Data provided START

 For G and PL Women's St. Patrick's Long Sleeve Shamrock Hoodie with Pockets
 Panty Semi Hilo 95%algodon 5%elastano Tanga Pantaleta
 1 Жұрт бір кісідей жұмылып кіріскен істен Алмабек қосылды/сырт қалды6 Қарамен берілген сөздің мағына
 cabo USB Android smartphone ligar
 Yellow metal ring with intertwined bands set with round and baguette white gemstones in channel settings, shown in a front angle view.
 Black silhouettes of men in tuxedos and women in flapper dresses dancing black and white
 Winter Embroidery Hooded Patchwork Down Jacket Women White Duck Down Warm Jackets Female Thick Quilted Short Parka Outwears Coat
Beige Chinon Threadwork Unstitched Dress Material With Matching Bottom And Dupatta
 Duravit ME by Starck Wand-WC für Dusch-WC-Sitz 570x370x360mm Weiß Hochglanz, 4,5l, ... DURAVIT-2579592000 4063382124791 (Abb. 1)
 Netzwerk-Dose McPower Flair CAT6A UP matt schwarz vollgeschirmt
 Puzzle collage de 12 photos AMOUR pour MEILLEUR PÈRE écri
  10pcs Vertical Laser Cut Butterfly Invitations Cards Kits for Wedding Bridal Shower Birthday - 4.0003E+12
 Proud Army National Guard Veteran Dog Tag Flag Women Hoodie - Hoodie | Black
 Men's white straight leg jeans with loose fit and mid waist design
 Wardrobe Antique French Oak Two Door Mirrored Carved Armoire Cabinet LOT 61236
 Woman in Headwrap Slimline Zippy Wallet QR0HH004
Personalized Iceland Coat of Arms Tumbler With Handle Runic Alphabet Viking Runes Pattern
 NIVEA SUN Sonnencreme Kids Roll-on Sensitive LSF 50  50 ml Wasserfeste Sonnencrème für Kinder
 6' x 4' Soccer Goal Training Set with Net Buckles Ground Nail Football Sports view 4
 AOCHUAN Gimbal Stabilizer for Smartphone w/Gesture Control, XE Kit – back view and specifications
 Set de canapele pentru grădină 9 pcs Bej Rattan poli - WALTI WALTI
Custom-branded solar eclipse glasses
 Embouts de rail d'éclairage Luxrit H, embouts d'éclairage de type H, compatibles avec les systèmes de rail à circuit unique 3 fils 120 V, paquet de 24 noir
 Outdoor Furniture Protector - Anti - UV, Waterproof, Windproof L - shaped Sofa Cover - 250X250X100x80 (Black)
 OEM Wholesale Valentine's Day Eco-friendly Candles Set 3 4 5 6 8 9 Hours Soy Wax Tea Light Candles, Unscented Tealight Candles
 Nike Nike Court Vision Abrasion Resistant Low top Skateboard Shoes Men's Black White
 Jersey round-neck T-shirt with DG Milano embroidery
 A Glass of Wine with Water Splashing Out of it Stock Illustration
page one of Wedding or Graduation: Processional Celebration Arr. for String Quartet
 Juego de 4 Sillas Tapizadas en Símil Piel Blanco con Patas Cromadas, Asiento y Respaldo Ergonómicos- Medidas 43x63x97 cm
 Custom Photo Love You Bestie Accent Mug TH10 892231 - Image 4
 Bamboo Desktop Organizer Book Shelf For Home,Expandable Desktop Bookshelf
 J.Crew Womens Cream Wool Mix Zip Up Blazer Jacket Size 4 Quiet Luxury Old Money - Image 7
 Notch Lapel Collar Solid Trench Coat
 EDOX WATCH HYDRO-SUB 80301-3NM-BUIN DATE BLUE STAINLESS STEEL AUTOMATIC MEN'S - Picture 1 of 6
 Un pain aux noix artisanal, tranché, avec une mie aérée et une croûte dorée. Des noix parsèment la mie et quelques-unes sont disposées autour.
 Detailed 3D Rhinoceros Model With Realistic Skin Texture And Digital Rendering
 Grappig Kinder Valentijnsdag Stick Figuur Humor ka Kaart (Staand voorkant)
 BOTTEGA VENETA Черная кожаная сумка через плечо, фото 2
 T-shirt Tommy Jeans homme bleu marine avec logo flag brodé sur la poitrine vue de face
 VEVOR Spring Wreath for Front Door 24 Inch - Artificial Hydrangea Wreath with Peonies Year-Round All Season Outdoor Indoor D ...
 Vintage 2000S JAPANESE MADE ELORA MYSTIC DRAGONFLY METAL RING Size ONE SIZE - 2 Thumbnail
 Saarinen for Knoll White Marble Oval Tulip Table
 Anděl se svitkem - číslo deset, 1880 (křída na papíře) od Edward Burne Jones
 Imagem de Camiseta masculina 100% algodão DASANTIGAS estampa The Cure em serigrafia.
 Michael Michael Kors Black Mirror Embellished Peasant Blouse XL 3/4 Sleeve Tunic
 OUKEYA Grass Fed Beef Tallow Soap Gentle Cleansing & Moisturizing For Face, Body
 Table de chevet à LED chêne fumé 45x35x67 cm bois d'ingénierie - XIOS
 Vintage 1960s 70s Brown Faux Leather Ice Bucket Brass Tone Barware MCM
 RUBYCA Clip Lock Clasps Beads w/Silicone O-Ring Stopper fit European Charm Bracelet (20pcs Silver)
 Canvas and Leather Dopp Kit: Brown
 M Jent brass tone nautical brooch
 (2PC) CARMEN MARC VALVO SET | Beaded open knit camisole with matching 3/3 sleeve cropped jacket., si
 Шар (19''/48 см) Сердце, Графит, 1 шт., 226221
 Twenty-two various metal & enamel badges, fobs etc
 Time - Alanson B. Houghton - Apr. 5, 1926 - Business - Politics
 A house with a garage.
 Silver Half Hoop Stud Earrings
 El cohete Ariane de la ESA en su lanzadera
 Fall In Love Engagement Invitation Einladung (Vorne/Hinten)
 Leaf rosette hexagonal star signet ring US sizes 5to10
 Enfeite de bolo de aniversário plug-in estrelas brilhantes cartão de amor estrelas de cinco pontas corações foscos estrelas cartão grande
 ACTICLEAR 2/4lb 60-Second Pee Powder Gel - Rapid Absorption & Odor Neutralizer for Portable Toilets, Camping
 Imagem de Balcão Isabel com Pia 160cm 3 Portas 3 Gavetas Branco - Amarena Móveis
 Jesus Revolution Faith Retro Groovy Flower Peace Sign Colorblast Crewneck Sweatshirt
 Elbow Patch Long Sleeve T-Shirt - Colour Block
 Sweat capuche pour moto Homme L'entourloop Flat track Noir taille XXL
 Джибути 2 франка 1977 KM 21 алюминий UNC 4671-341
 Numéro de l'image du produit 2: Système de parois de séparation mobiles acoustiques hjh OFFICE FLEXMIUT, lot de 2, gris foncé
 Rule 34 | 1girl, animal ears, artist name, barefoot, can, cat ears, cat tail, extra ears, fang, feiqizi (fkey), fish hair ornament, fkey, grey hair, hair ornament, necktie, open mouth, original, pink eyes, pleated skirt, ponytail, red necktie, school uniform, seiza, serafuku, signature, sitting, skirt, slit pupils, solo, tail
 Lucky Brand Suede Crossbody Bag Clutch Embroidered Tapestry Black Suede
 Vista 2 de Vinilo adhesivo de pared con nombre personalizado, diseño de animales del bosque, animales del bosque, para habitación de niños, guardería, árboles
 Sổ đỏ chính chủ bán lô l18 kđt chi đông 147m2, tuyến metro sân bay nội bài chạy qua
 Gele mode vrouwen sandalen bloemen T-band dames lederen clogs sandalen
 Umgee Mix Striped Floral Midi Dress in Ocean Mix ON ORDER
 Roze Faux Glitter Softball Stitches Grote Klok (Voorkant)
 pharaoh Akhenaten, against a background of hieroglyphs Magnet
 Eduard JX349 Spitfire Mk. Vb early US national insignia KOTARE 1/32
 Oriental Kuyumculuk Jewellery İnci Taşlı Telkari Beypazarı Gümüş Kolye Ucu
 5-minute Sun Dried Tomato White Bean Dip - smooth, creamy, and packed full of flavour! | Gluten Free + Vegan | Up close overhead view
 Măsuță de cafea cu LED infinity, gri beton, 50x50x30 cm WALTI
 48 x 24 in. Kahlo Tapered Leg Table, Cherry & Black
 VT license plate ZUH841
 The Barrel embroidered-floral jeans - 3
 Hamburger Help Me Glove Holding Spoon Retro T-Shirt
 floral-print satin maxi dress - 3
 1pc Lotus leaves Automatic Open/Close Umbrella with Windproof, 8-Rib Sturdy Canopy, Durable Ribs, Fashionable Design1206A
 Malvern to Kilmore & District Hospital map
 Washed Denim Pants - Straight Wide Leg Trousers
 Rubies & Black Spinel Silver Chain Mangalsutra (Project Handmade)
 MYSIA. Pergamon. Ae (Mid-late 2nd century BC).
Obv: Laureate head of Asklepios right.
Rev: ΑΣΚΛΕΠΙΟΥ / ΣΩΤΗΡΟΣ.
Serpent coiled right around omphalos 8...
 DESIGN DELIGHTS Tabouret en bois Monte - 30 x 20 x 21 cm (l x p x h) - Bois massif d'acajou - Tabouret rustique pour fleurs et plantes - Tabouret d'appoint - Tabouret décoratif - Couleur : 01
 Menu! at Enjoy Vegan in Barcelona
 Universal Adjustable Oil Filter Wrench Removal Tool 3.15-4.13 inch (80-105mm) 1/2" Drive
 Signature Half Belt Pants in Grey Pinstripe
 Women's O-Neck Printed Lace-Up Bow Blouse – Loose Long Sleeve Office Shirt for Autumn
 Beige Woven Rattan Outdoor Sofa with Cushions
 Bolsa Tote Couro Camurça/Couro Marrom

Data provided END

> _Exercise prompt_:
Within the data above, the span starting at the line containing "Elbow Patch Long" and ending at the line containing "Джибути 2 франка" is to be retyped exactly, with no other lines.

> _Solution below_:
 Elbow Patch Long Sleeve T-Shirt - Colour Block
 Sweat capuche pour moto Homme L'entourloop Flat track Noir taille XXL
 Джибути 2 франка 1977 KM 21 алюминий UNC 4671-341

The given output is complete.